_Task brief_
From the entries below, reproduce exactly the lines from the one with "Artcraft - AC11515BB" through the one with "Hanover FNTDN9PCOV Patio-Dining-Sets", both included, without images.

_Input for this task_

[Start of Attachment]

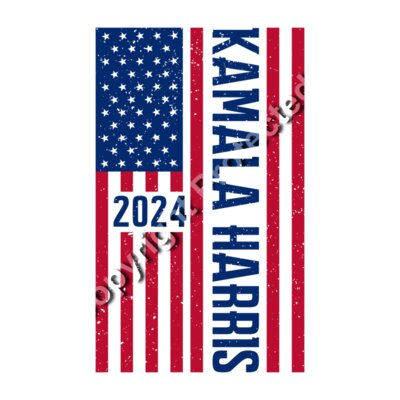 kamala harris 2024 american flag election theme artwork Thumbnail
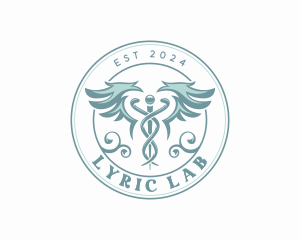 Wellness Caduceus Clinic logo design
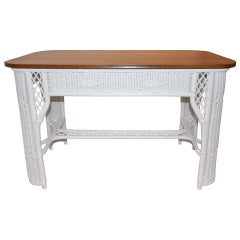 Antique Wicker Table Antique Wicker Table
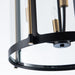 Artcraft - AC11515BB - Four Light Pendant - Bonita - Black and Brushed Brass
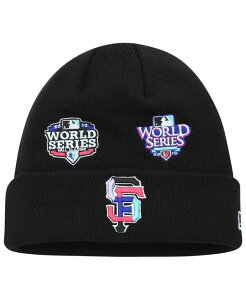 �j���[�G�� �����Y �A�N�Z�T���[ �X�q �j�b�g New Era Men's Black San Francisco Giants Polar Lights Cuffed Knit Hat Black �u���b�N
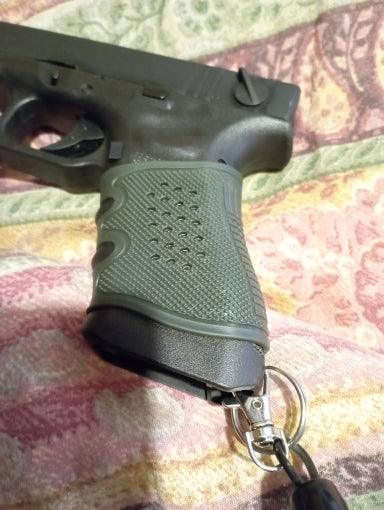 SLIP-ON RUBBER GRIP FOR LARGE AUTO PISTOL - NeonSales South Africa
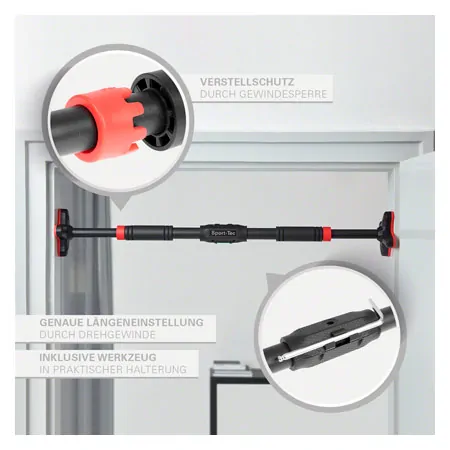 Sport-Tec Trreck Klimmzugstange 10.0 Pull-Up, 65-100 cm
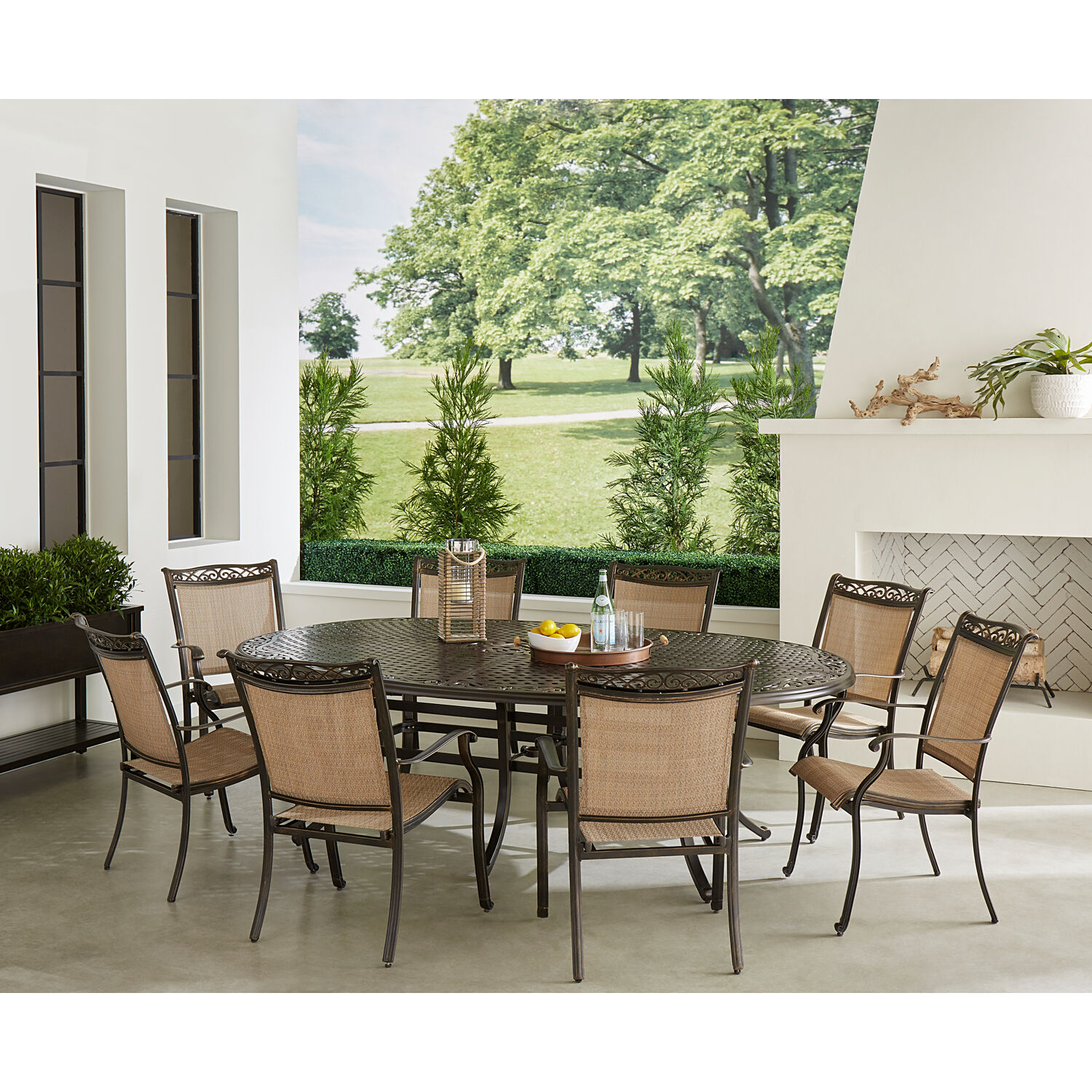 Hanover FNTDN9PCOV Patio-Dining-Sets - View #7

[End of Attachment]
[Start of Attachment]

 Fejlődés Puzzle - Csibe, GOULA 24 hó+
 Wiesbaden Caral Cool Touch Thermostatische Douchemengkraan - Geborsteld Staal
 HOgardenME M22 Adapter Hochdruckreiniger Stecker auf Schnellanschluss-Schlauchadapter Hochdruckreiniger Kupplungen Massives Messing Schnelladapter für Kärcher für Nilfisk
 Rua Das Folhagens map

[End of Attachment]
[Start of Attachment]

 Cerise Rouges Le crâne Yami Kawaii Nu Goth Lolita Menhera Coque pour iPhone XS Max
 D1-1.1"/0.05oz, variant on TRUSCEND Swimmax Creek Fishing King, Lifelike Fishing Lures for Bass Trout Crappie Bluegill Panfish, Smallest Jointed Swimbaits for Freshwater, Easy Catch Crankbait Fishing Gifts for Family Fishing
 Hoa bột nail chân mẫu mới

[End of Attachment]

_Your response_
 Artcraft - AC11515BB - Four Light Pendant - Bonita - Black and Brushed Brass
 �j���[�G�� �����Y �A�N�Z�T���[ �X�q �j�b�g New Era Men's Black San Francisco Giants Polar Lights Cuffed Knit Hat Black �u���b�N
 SLIP-ON RUBBER GRIP FOR LARGE AUTO PISTOL - NeonSales South Africa
 Sport-Tec Trreck Klimmzugstange 10.0 Pull-Up, 65-100 cm
 Hanover FNTDN9PCOV Patio-Dining-Sets - View #7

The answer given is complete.